Does MA law require contracts between businesses to be in writing?

Additional  Information:My Boston based business is being sued for a debt from a production company who provided services and was only paid about 20% of the debt. It has been 2 years and we have not had the funds to pay. It was a deal between corporations and it was not in writing and the amount owed is in dispute. We never got our film footage. There was no contract.   Does Mass law require contracts between businesses to be in writing?  Is not having a contract in writing a good defense?  Our company cannot pay it now yet it could within the year and they would have been paid.  Now the time we are wasting for the same end result makes me want to lower this as much as possible.   What can we do?

ATTORNEY ANSWER: Under Massachusetts law, an oral contract is enforceable in court unless the statute of frauds requires such a contract to be in writing. Your contract does not appear to fall within the statute of frauds unless it was “an agreement that is not to be performed within one year from the making thereof”, but I cannot tell from the information you have provide in your question. You state that the amount owed is in dispute, but you do not say why it is in dispute. This dispute should likely be brought as a counterclaim. As you do not have the ability to pay this debt, you certainly do not want to have to pay an attorney a lot of money to defend this matter. My recommendation would be to try to mediate this case and negotiate the debt down as low as possible based upon your dispute and then try to enter into a modest payment plan that you can afford.  [Read more...]
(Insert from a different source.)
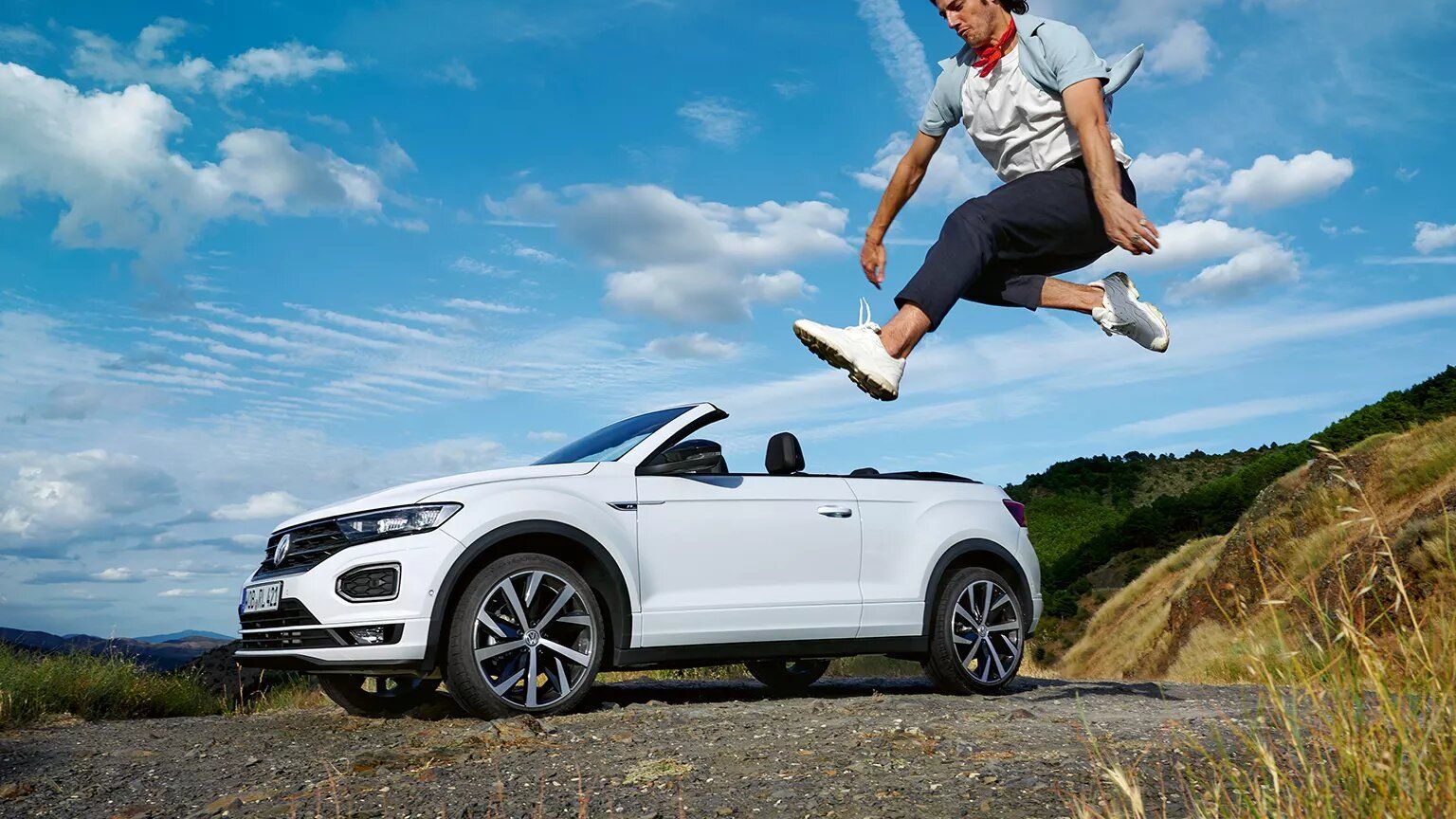 Moški skače pred T-Rocom Cabriolet
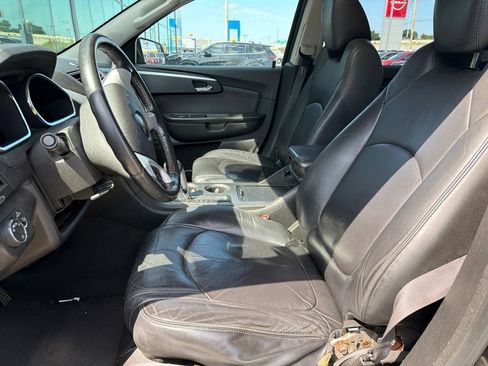 Used 2011 Chevrolet Traverse LT FWD image 10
Is a non-compete still valid if I only worked probationary period?

Additional Information:

Is a non-compete still valid if I only worked during a probationary period?  I started a new job, and worked for 3 weeks before I quit. They promised a lot and delivered very little.  Now they are trying to keep me from earning a living. All I have done for the past 18 years is advertising sales. I just started another job in Needham where the former job was in a different region.  Will Massachusetts courts enforce the non-compete?

ATTORNEY ANSWER:

Your question is difficult to answer without a knowing more facts and the courts will weigh the circumstances of your case based upon a number of criteria. In particular, a noncompetition agreement is enforceable in Massachusetts if the agreement is (1) supported by consideration; (2) necessary to protect a legitimate interest of the employer, and (3) is reasonable as to its duration and geographic scope. Massachusetts law has held that a noncompetition agreement executed prior to or at the commencement of employment is supported by consideration. If you signed the non-compete at the beginning of your work it is probably supported by consideration.  In order for a non-compete to be enforceable it must also protect the employers legitimate business interests.  “Legitimate business interests” to be protected by a non-competition agreement include: (a) trade secrets; (2) confidential information; and (3) good will acquired through dealings with customers. As you quit during your probationary period, you likely did not have access to this information and you can attempt to argue that the non-compete is not enforceable because it does not protect a legitimate business interest. Finally, a covenant not to compete must be “reasonable” in its duration and geographic scope. As you have stated that your former job was in a different region, you could argue that the covenant not to compete is not reasonable in geographic scope as the former job was in a different region. This would be particularly compelling if your former employer does not do business in your new region and has not attempted to do business there. Good luck.  [Read more...]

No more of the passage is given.